The potential value of a network strategy is that it may foster emergence of local institutional entrepreneurs, may support their growth in these roles by helping shape the identity of professional bodies, may enable different professional groups to find common purpose and may thus promote behaviour change at scale 29, 58. Should professionals take on these newer roles then they must also provide leadership.
Distributed leadership
Distributed leadership has been characterised by Fitzgerald 69 as comprising three components: senior leaders with the capability and interest to support change; credible opinion leaders at middle levels who hold hybrid roles; and individuals who are willing to engage in change efforts through a social influence process 70. It is a particularly useful conceptualisation of leadership for the public sector, multi-professional general hospitals which are the settings of focus 71. Within a network, influences from peer groups, professional associations, and the external intervention team may all reinforce NBU leaders’ sense of accountability for service improvements. A key role for NBU leaders is then to support front-line workers to change 72. To do this, they will need to set a local strategic direction or vision and develop a culture of continuous improvement on the NBU 73. Good relational skills may help NBU leaders promote changes in practices and they must therefore be good communicators and able to create trust amongst the NBU team members. Failure to do this may undermine the intervention’s change effects 27.
Trust and teams
Trust has political, organisational and social dimensions that are important to the entire health system 74. Here we are especially concerned with trust between people, and especially trust within teams that deliver everyday care on NBU. In inter-personal relations trust may be thought of as having two components, cognitive and affective trust 75. In the former, individuals look for a rational reason to trust the other party. Considered in this way individuals take the risk that those they trust will act in ways they can anticipate, that are fair and that do not make them unduly vulnerable 74. Affective trust is linked more to notions that those trusting and those trusted have a mutual, emotional investment in a relationship 75. This may result from shared experiences or values. Maintaining affective trust may be especially important in the high stress, resource limited environments of LMIC hospitals and help sustain ‘everyday resilience’ 76.
A team can be defined as two or more people who interact and are mutually accountable for achieving common goals and who perceive themselves as a social entity within an organization.

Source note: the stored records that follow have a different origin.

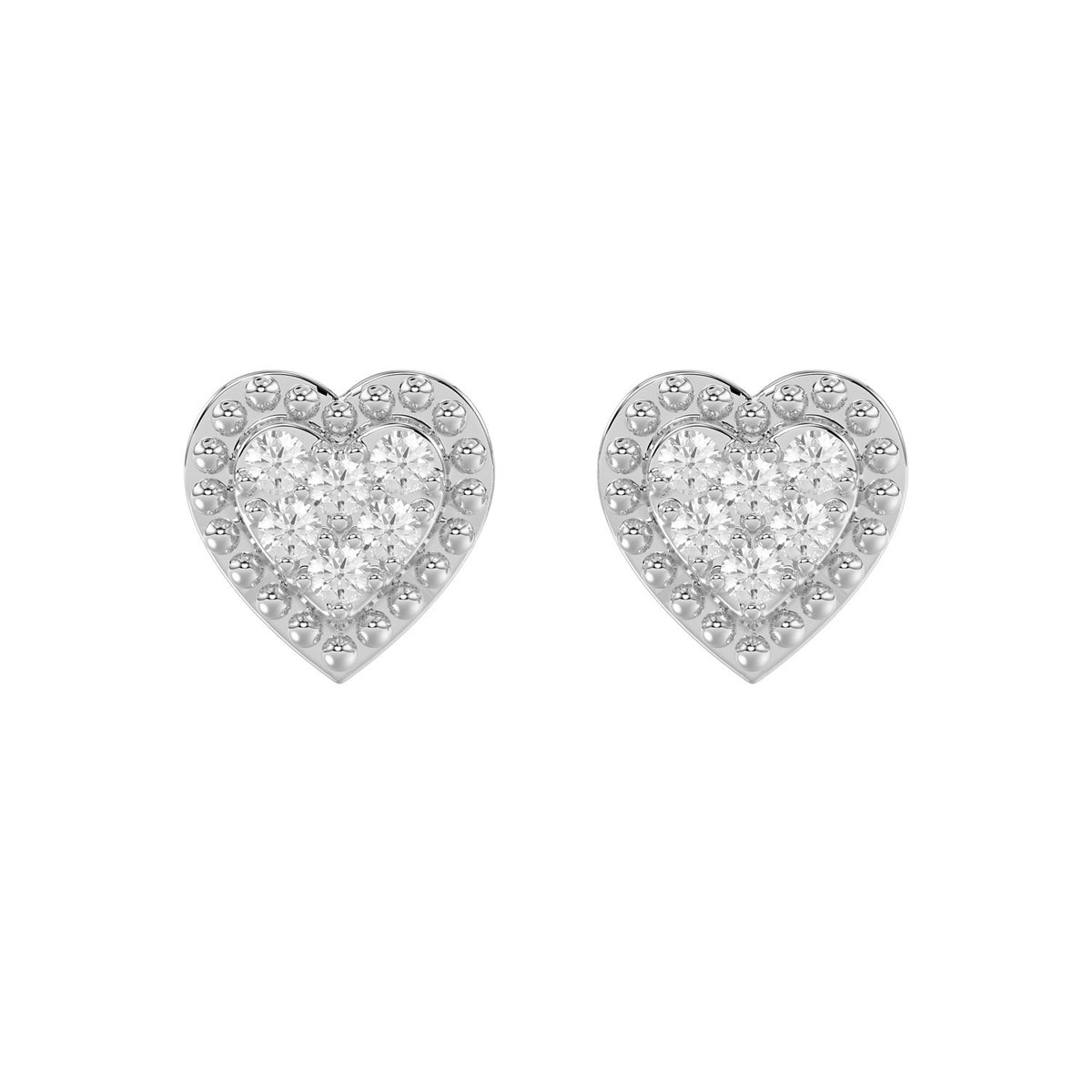 Sterling Silver Diamond Heart Stud Earrings 0.20Ct Round Cut Diamonds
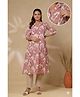 CRAFIQA Cotton Woven Three Fourth Sleeves Floral Printed Maternity Kurti With Side Zipper Nursing Access - Rosegold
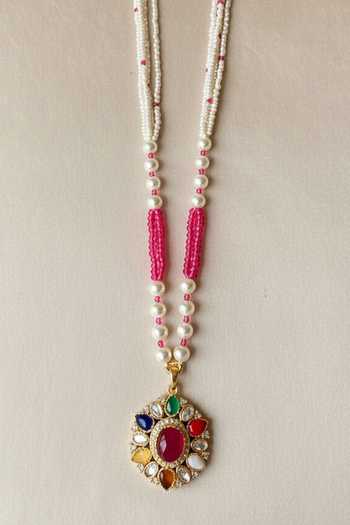 Buy Sica Jewellery Gold Plated Moissanite Polki Ratna Necklace Buy_Sica Jewellery_Gold Plated Moissanite Polki Ratna Necklace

Their combined cognitive resources and skills should help them outperform individuals especially in complex and dynamic environments such as hospitals. Teams often already have, however, long-established ways of working. To change these ways of working, team leaders need to be trusted by team members and demonstrate that they have the competence to lead, reflecting both task and relationship oriented skills while showing benevolence and integrity 77. Further, they should demonstrate supportive, participative, and empowering leadership behaviours, indicating that they have confidence in, and concern and respect for, their team members 78, 79. Interventions that can enable multiple team leaders to learn these skills, communicate well and engage team members in mutually trusting relationships may therefore be key to improving care at scale.
Feedback
Measurements of the process and outcomes of care used in performance monitoring may have beneficial and sometimes harmful system effects 80. Theories suggest that for measurement to be effectively used feedback to those whose performance is being assessed should be based on trusted data and be timely, specific, non-punitive and customisable while also providing clear goal oriented advice on what actions may be needed to improve 81– 83. When trying to promote the effects of feedback to teams we need to be aware that this will be influenced by their interactions, communication, and individual perceptions of the feedback 84. Furthermore, individuals given team-level performance information have to figure out to what degree they feel these data reflect their individual input 85. In theory, feedback based on the work of the whole team can promote cohesion, co-operative work and shared goals 85. Alternatively, individuals can decide that others and not them are responsible for poor performance, making feedback ineffective or potentially harmful. How feedback is perceived may depend on it being linked to strategies that promote shared reflection on what the feedback means and what the team needs to do in response 86. Indeed, what may be important is the notion of ‘feed-forward’ 87, 88, which suggests that it is reflection on progress towards a shared standard or goal and how to close performance gaps that may be most useful. The benefits of feedback may thus rely on the ability of an intervention approach to create widely shared ideas about ‘good performance’ and link this to mechanisms for shared reflection and problem solving at local levels. Re-shaping institutional norms linked to effective leadership behaviours of network and local actors that inspire trust may be central to efforts to do things differently.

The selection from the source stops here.